Saving Rural Hospitals

Some key things I learned in an hour of reading that site vs the experts of SPS.

Medicaid expansion helps a little but not a lot as for most rural hospitals in the US there are more private payers in rural areas that Medicaid and Medicare. Though in Mississippi there are areas like the Delta with higher concentrations of patients that would utilize Medicare expansion than most rural areas. The offset of having more people insured vs the lower payments from Medicare is negligible.

Many rural hospitals are identified as critical and actually get paid more from Medicare than private insurance.

Medicare Advantage sucks. It pays considerably less than Medicare.

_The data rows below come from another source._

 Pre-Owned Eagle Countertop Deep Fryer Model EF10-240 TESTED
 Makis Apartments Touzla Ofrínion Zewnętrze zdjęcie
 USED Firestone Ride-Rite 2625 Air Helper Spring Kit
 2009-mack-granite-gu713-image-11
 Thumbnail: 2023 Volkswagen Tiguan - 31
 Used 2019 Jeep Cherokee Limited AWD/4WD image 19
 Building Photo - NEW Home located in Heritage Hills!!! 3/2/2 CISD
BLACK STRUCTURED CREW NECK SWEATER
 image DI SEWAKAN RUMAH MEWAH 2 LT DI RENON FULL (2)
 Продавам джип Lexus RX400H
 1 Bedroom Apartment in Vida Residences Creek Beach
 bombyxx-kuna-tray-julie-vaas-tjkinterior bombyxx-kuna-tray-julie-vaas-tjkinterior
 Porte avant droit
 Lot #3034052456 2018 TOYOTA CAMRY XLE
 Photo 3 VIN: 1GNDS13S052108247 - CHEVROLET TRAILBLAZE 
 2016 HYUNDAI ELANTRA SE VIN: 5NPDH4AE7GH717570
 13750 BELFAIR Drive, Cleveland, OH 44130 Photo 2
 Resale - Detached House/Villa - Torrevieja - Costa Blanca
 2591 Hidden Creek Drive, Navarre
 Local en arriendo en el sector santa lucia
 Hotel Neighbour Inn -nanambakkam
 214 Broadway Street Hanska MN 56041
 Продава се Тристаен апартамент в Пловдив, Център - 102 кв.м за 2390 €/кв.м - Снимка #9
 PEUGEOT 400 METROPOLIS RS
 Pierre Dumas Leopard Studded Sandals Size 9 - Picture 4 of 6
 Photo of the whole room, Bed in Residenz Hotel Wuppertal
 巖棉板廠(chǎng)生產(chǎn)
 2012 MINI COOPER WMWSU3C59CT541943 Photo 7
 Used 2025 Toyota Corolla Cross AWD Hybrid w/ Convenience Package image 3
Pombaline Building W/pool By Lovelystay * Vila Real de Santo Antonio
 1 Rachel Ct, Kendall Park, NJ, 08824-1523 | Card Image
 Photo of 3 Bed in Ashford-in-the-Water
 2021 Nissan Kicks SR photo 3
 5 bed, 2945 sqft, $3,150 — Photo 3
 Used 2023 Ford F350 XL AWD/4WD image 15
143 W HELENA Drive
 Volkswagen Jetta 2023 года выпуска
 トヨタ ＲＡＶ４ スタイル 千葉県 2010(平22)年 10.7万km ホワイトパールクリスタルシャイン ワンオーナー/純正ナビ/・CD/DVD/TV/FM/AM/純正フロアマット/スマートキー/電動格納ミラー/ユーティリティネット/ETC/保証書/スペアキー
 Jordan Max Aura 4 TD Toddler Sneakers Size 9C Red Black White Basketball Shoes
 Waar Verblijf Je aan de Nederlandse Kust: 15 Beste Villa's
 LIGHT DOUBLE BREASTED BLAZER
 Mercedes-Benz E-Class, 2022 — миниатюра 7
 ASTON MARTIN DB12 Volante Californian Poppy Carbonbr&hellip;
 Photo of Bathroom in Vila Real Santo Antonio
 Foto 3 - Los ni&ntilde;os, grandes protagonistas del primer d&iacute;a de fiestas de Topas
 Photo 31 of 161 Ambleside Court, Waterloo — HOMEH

Many rural hospitals are even losing their asses in private insurance because it pays rates that work for urban hospitals that have economies of scale. It just costs more relative to revenue to run a rural hospital. IE an emergency room in Jackson and Noxapater are both staffed 24/7. The Jackson ER is constantly generating revenue and Noxapater might go days without a patient.

The 2 big revenue buckets are patient services and "other". Patient services are all the incomes from treatment whether it's paid by Medicare, private insurance, out of pocket, or just goes unpaid. Other is basically income from investments, the cafeteria, but far and away, government funding from taxpayers.

Lots of rural hospitals are underwater on patient services, but make up for it in the "other" category. One mind blowing example of this is the 2 biggest hospitals in MS. UMMC and NMMC. UMMC loses it's *** and then makes it all up and then some on other funding (which includes tuition and taxpayer funds.) NMMC makes a 7% margin on patients and that's their total margin. St. Dominick's in Jackson doesn't have that other funding and is underwater.

Screenshot_20221124-082335.png

The current fix is to increase local public funding of rural hospitals. Mississippi pays very little tax towards hospitals comparatively. This will "save" a lot of these rural hospitals, but the long-term solution is to get all payers (private and federal insurance) to recognize that you have to pay more for rural services. In the overall scheme fixing this will cost the healthcare system less than 1% of current costs. That's likely to pay itself back by ever so slightly reducing the cost of crops, timber, and other necessities made in rural America that currently face disproportionately higher healthcare costs.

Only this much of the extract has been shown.